• **Task to carry out**:
Beginning at the line containing "عطر ادکلن لیس", repeat each line below exactly up to and including the line containing "O'Reilly Auto Parts". Do not repeat the pictures.

• **Source information**:

● ● ●

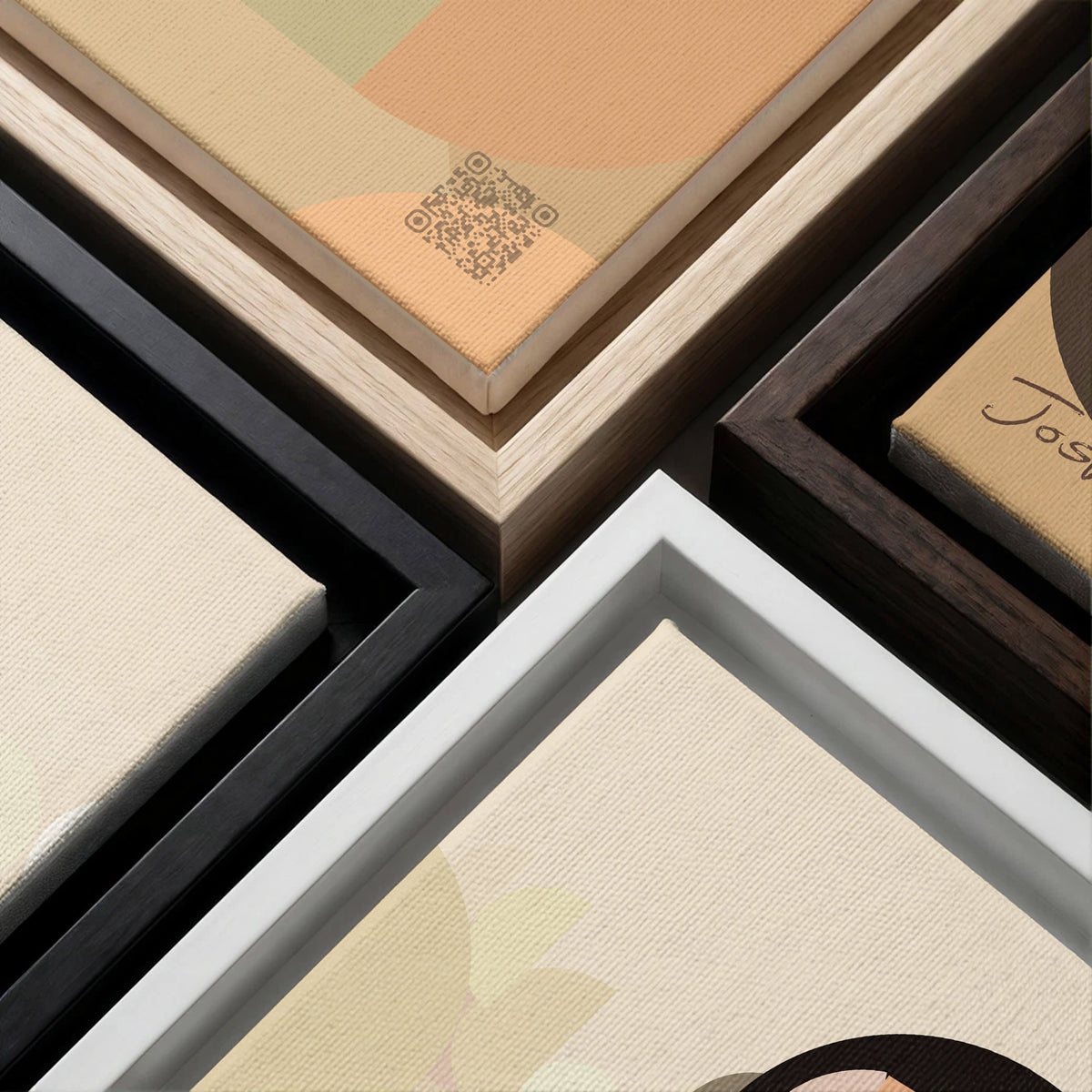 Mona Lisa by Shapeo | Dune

● ● ●

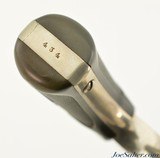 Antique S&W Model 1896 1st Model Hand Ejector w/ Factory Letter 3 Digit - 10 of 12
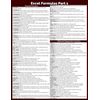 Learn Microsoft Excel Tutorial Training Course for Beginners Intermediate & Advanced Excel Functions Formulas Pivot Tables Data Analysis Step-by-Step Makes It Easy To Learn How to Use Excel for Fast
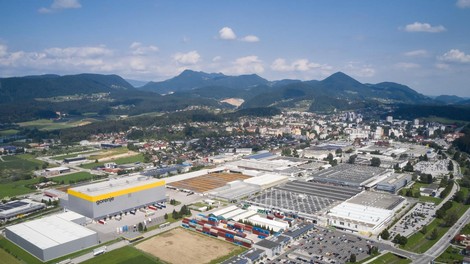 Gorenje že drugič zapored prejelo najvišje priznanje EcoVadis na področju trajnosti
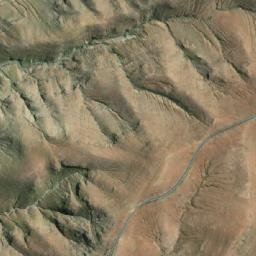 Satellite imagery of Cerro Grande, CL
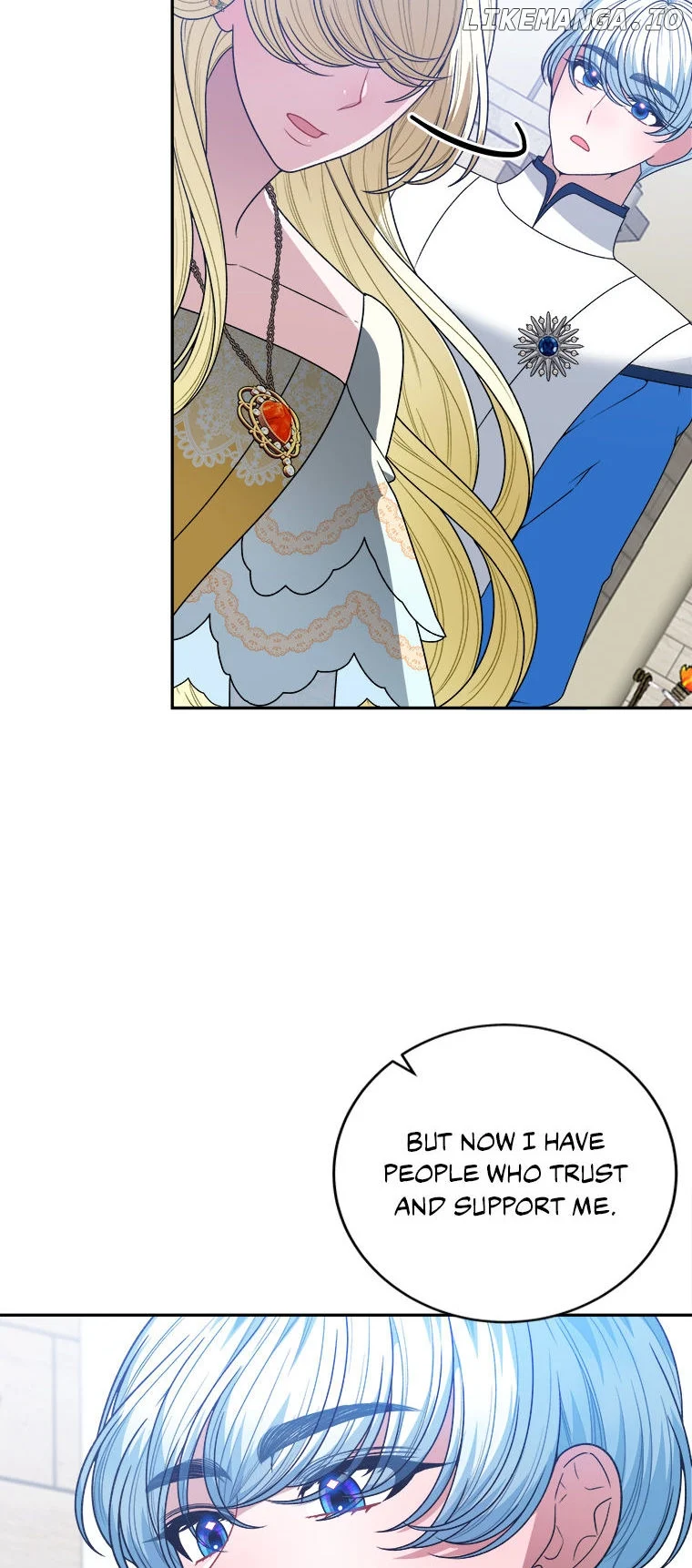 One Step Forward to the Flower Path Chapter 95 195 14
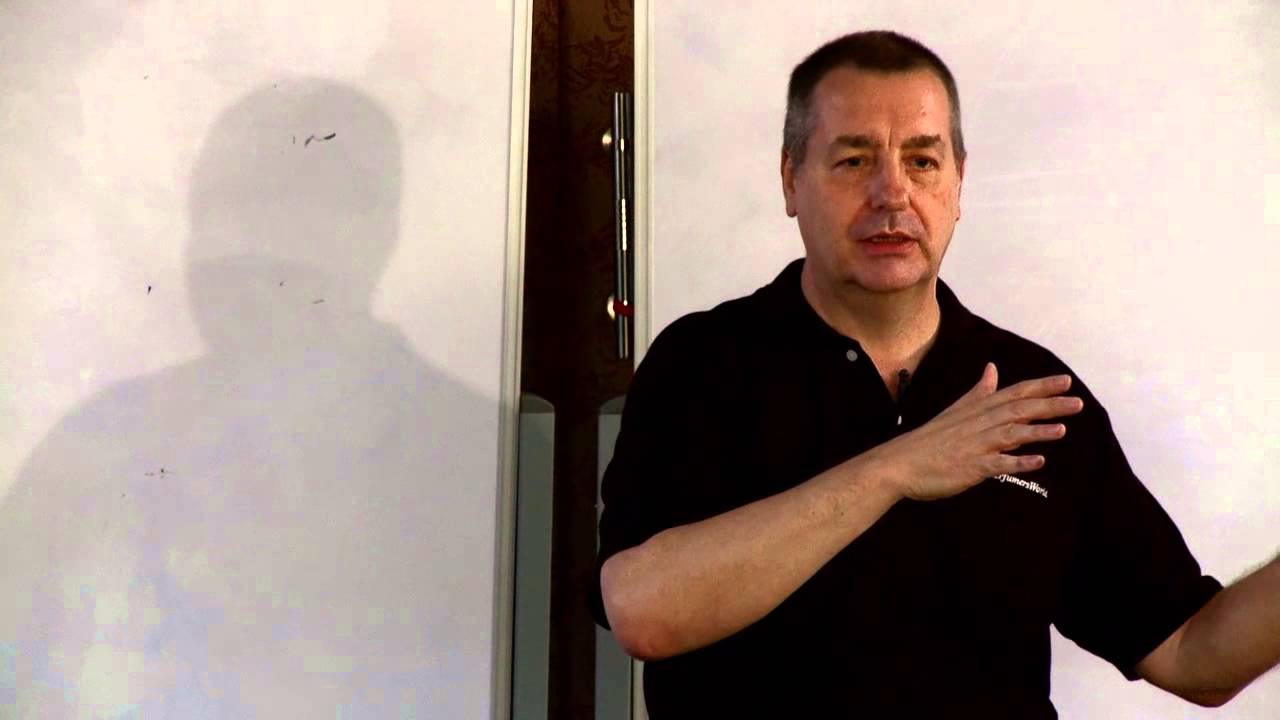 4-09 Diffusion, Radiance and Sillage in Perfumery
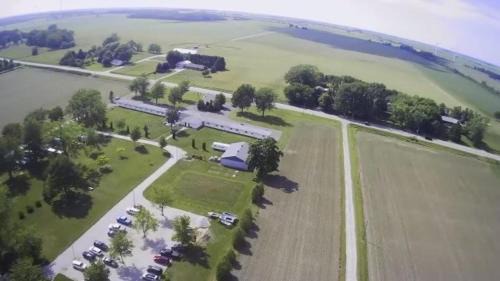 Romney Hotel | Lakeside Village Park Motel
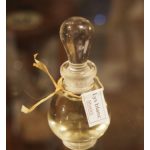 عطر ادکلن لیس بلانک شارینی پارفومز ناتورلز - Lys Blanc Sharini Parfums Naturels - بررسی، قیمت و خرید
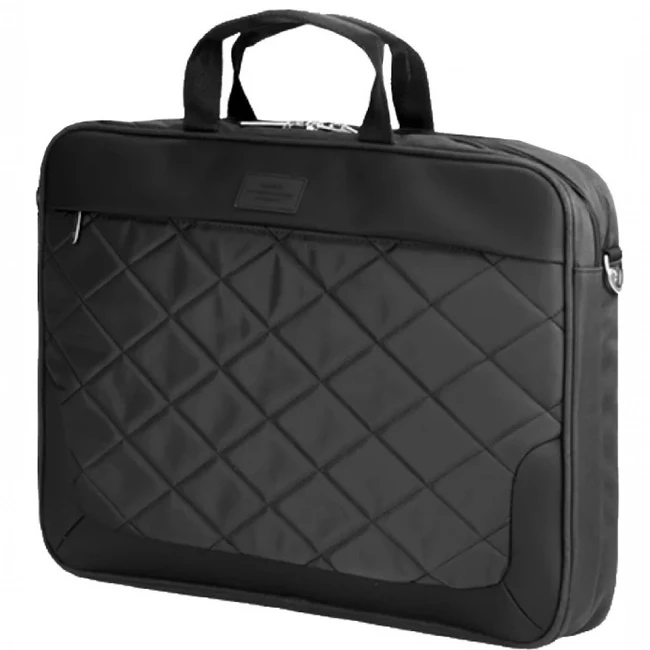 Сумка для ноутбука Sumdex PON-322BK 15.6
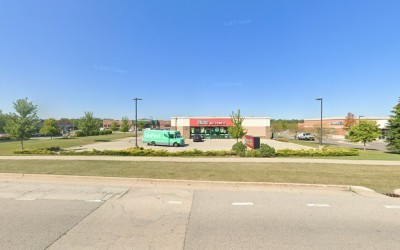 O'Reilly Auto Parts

● ● ●

• **Response to the task**:
 عطر ادکلن لیس بلانک شارینی پارفومز ناتورلز - Lys Blanc Sharini Parfums Naturels - بررسی، قیمت و خرید
 Сумка для ноутбука Sumdex PON-322BK 15.6
 O'Reilly Auto Parts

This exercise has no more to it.